5. It is a framework written in Java originally developed by Doug Cutting who named it after his son's toy elephant. Hadoop uses Google’s MapReduce and Google File System technologies as its foundation. It is optimized to handle massive quantities of data which could be structured, unstructured or semi-structured, using commodity hardware, that is, relatively inexpensive computers. This massive parallel processing is done with great performance. However, it is a batch operation handling massive quantities of data, so the response time is not immediate.
6. Hadoop replicates its data across different computers, so that if one goes down, the data are processed on one of the replicated computers.
7. The key distinctions of Hadoop are that it is
   Accessible—Hadoop runs on large clusters of commodity machines or on cloud
   computing services such as Amazon’s Elastic Compute Cloud (EC2).
   Robust—Because it is intended to run on commodity hardware, Hadoop is architect with the assumption of frequent hardware malfunctions. It can gracefully
   handle most such failures.
   Scalable—Hadoop scales linearly to handle larger data by adding more nodes to
   the cluster.
   Simple—Hadoop allows users to quickly write efficient parallel code.

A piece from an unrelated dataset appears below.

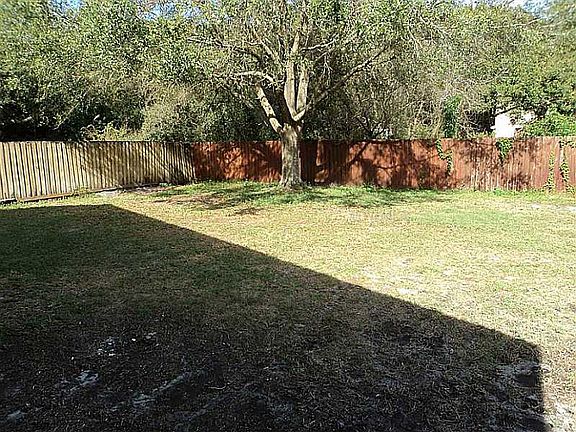 4th image of 3816 Bellewater Blvd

The Hadoop and its family projects that are described briefly here:

• Common

A set of components and interfaces for distributed file systems and general I/O

(serialization, Java RPC, persistent data structures).

• Avro

A serialization system for efficient, cross-language RPC, and persistent data

storage.

• MapReduce

A distributed data processing model and execution environment that runs on large

clusters of commodity machines.

• HDFS

A distributed file system that runs on large clusters of commodity machines.

• Pig

A data flow language and execution environment for exploring very large datasets.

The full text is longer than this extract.